Daivik Swarup


pdf bib
An Instance Level Approach for Shallow Semantic Parsing in Scientific Procedural Text
Daivik Swarup | Ahsaas Bajaj | Sheshera Mysore | Tim O’Gorman | Rajarshi Das | Andrew McCallum
Findings of the Association for Computational Linguistics: EMNLP 2020

In specific domains, such as procedural scientific text, human labeled data for shallow semantic parsing is especially limited and expensive to create. Fortunately, such specific domains often use rather formulaic writing, such that the different ways of expressing relations in a small number of grammatically similar labeled sentences may provide high coverage of semantic structures in the corpus, through an appropriately rich similarity metric.
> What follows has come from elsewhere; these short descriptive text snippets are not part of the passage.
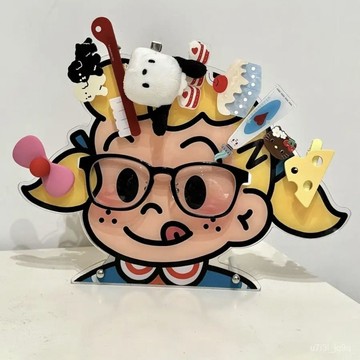 搞怪沙鵰收納架 實木收納架 眼鏡展示架小紅書衕款原田治眼鏡架可愛高顔值亞克力桌麵裝飾擺件送閨蜜禮物卡通收納架
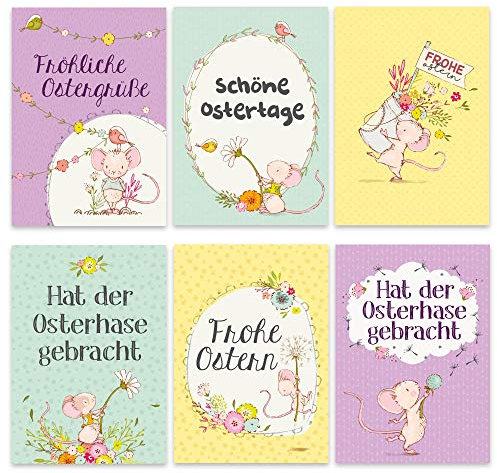 Papierdrachen Osterkarten Set Bären und Mäuse - 12 liebevoll gestaltete Postkarten zu Ostern - Grußkarten Set 6 - Ostern 2019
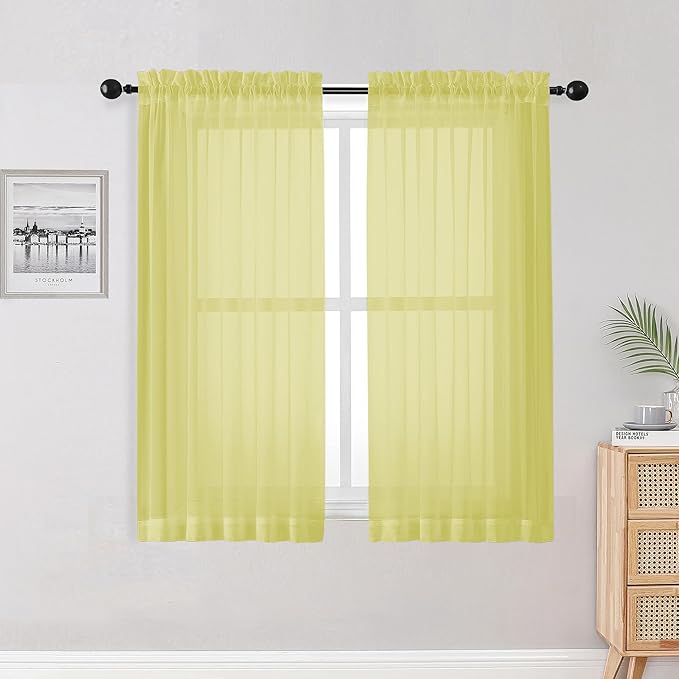 Lemon Sheer Curtains for Bedroom Living Room 54 Inch Length 2 Panels Set by OWENIE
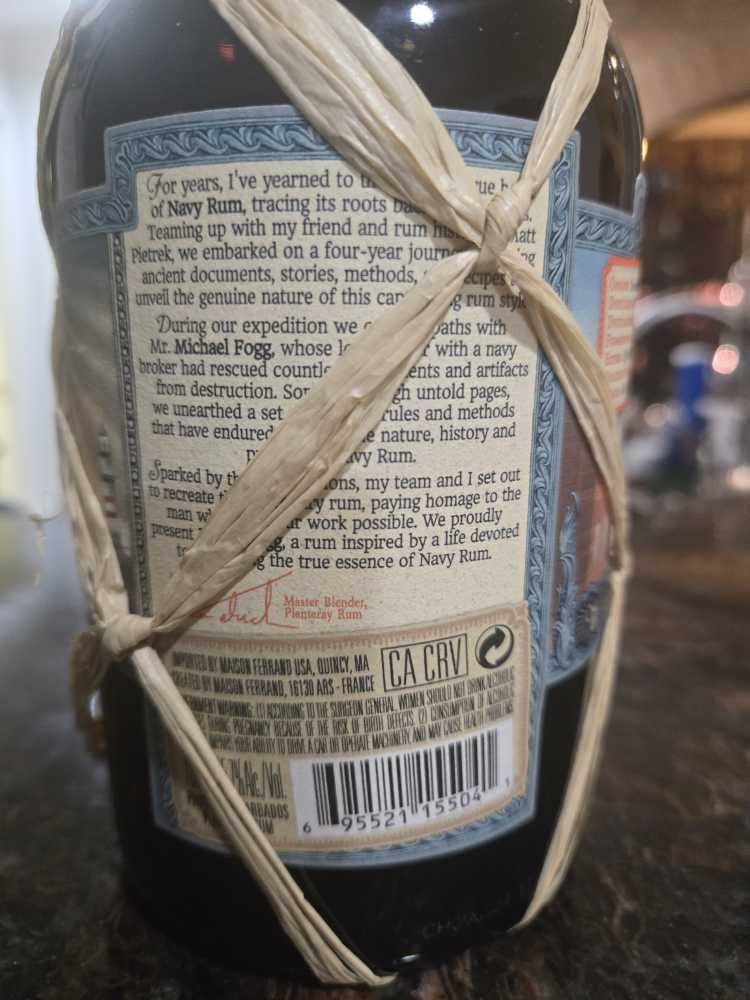 Planteray Mister Fogg Navy Rum Sail No. 1 - Maison Ferrand (750 mL) alcohol collectible [Barcode 695521155041] - Main Image 2
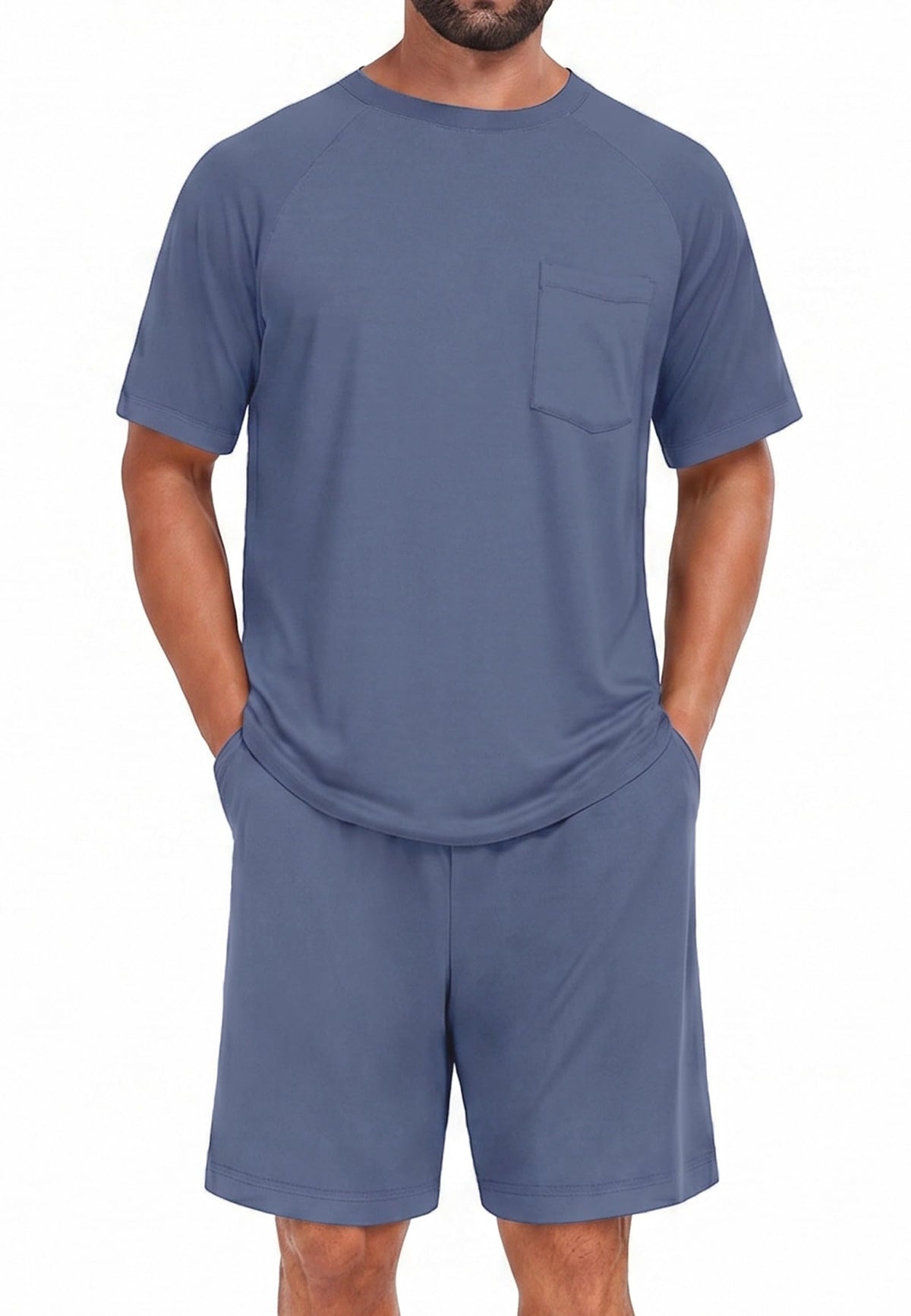Mens Pajamas Set Shirt and Shorts Lightweight Summer Sleepwear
In light of this opportunity, this paper explores an instance-based approach to the relation prediction sub-task within shallow semantic parsing, in which semantic labels from structurally similar sentences in the training set are copied to test sentences. Candidate similar sentences are retrieved using SciBERT embeddings. For labels where it is possible to copy from a similar sentence we employ an instance level copy network, when this is not possible, a globally shared parametric model is employed. Experiments show our approach outperforms both baseline and prior methods by 0.75 to 3 F1 absolute in the Wet Lab Protocol Corpus and 1 F1 absolute in the Materials Science Procedural Text Corpus.